Pulling few punches, the lawmakers listed failings of the 81-year-old News Corp chief, his son James and a company they said had showed "willful blindness" about the scale of hacking that existed at the British News of the World tabloid.
The cross-party parliamentary committee, which approved the report by a majority of six to four, also scolded News Corp's British newspaper arm for misleading the British parliament during its five year investigation into the hacking of the phones of celebrities, murder victims, politicians and soldiers.
But it split along party lines, with members from Prime Minister David Cameron's Conservative Party voting against the report, saying they did not agree with its view that the Australian-born Murdoch was not fit to run a major company.
Cameron, who has acknowledged that Britain's political elite had been in thrall to the Murdochs for years, is facing criticism ahead of local elections this week that he was too close to the media tycoon.
The report said there had been huge failures in corporate governance which raised questions about the competence of Rupert's 39-year-old son, James.
"News International and its parent News Corporation exhibited willful blindness, for which the companies' directors -including Rupert Murdoch and James Murdoch - should ultimately take responsibility," it said.
"Their instinct throughout, until it was too late, was to cover up rather than seek out wrongdoing and discipline the perpetrators," the lawmakers said in an 85 page report.
"We conclude, therefore, that Rupert Murdoch is not a fit person to exercise the stewardship of a major international company," it wrote.
The hacking scandal has not affected most of Murdoch's global media empire, which includes the Wall Street Journal, 20th Century Fox and pay-TV operations around the world.
But it could persuade shareholders of News Corp that Australian-born Rupert Murdoch should step back from the helm of his $50 billion media empire.
It has already forced James Murdoch to sever almost all his ties with Britain, although he still holds a directorship of Britain's biggest satellite TV firm BSkyB, which News Corp had sought to take over before the scandal.
British media regulator Ofcom is investigating whether BSkyB, which is 39 percent owned by News Corp, is a "fit and proper" owner of a broadcast license, which entails an examination of the company's officers and shareholders.
James Murdoch recently stepped down as chairman of BSkyB in response to the scrutiny the broadcaster is facing as a result of the hacking scandal. The regulator said on Tuesday it was reading the parliamentary report with interest.
Traders said the committee had few teeth so there had been little movement in BSkyB shares, which were up 0.8 percent in London at 1114 GMT, slightly outperforming a 0.4 percent rise on the broad FTSE 100 index.
NOT FIT TO RULE?
The impact of the report may also be diminished by the fact it was split largely along party political lines.
"None of us were able to support the report and we all voted against it," Conservative lawmaker Louise Mensch said, referring to her party members. "It will be correctly seen as a partisan report and we've lost a very great deal of its credibility, which is an enormous shame."
Mensch said she would have supported the report if the reference to Rupert Murdoch being unfit to run a major international company had been removed.

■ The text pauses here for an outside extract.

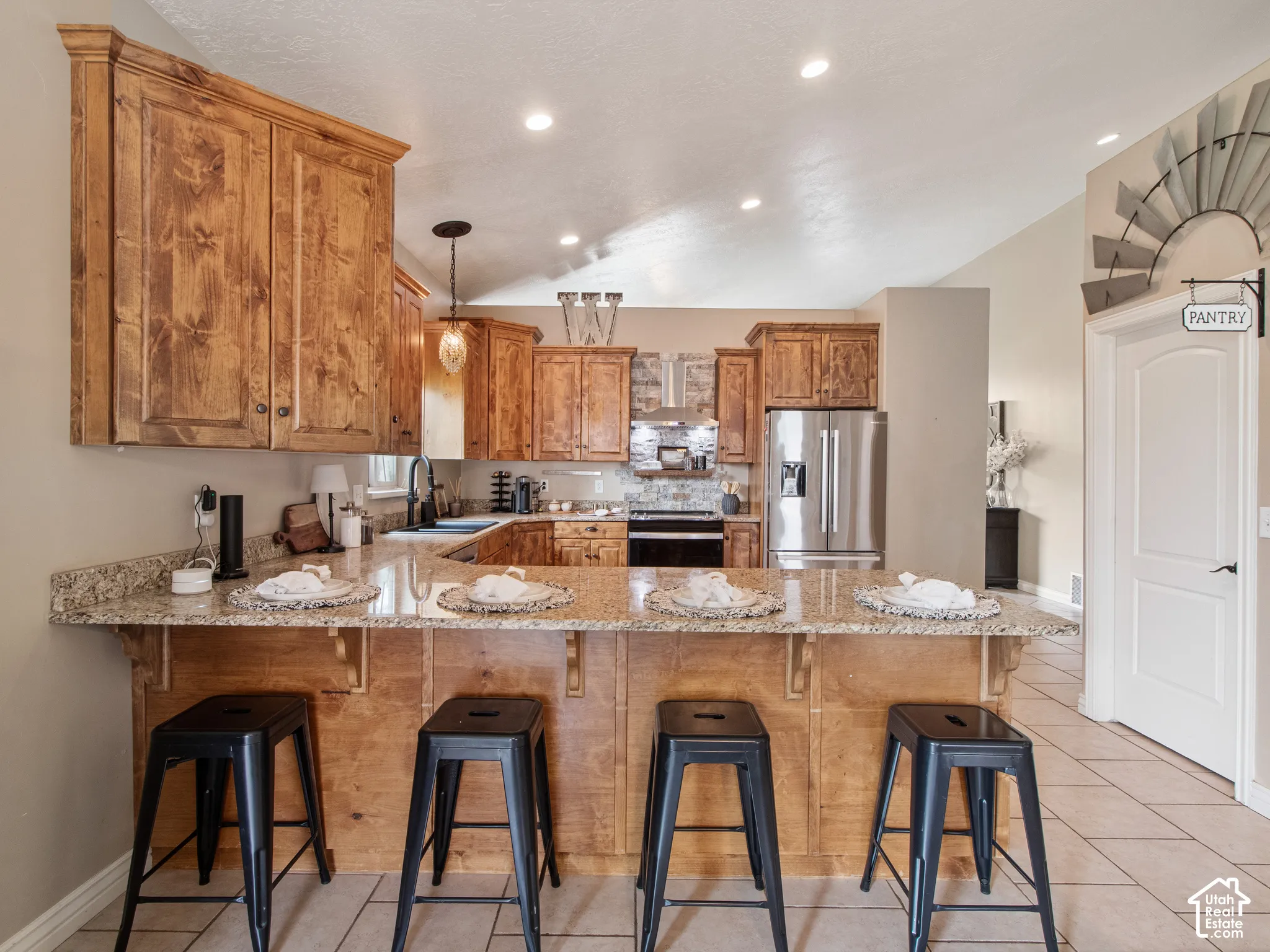 Chef's kitchen featuring warm wood cabinetry, stainless steel appliances, and a spacious granite-topped island with seating for four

Murdoch, who took London by storm in the 1960s before moving to New York on his quest to become the world's most powerful media tycoon, has apologized for the scandal.

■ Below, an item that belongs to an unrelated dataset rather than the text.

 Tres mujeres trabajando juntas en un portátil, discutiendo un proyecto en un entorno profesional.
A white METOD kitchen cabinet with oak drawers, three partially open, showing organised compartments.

He told a judicial inquiry into press ethics last week that senior staff at his British newspaper publisher had hidden the hacking scandal, saying he had been betrayed by minions.

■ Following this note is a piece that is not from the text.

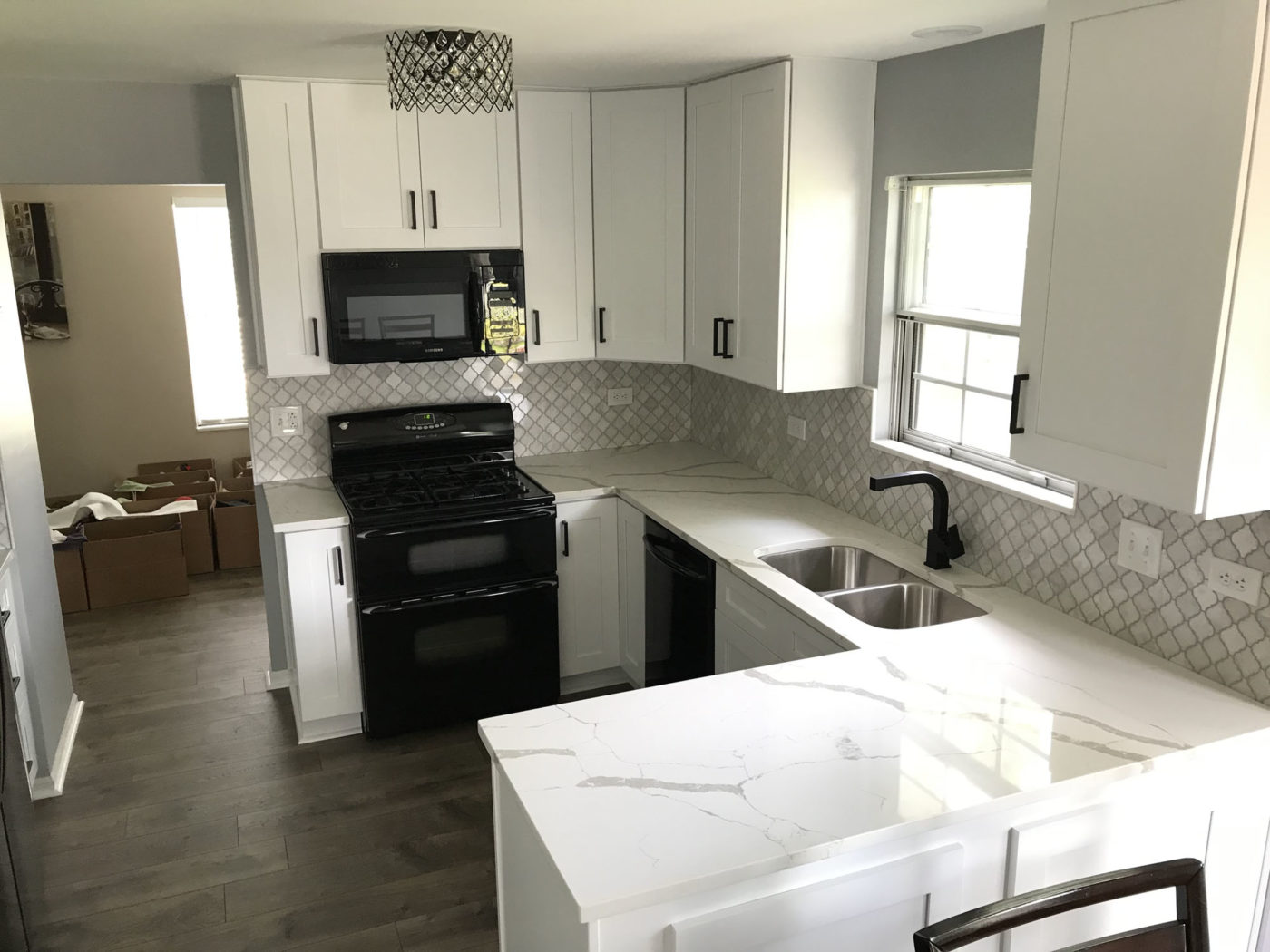 Kitchen Remodeling in Streamwood - black and white color palette, hardwood flooring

News Corp said in a statement it was carefully reviewing the report, adding that it "fully acknowledges significant wrongdoing at News of the World and apologizes to everyone whose privacy was invaded".
CONTEMPT FOR BRITAIN?
The report said News Corp executives had shown a contempt for the parliamentary system, singling out ex-News International chief Les Hinton, the News of the World's former top lawyer Tom Crone and the tabloid's last editor Colin Myler for having misled them.
Crone and Myler have contradicted evidence given by James Murdoch about a crucial document pointing to widespread phone-hacking at the company, which they say they showed to him to secure his support for a large pay-off to a hacking victim.
James has also apologized for failing to get to the bottom of the scandal but said he was kept in the dark by staff at the paper.
The committee said it did not have sufficient evidence to judge that matter, but said Murdoch should have asked more questions both then and later.
"Surprising as it may seem that James Murdoch did not ask to see this crucial piece of evidence... his lack of curiosity - but willful ignorance even - subsequently is more astonishing," it said.
"Even if there were a 'don't ask, don't tell' culture at News International, the whole affair demonstrates huge failings of corporate governance at the company and its parent, News Corporation."
The committee has been investigating the allegations on and off since a single reporter went to jail for the crime in 2007, believing that the practice went far beyond the one "rogue" staffer and questioning a string of executives over what they knew and when.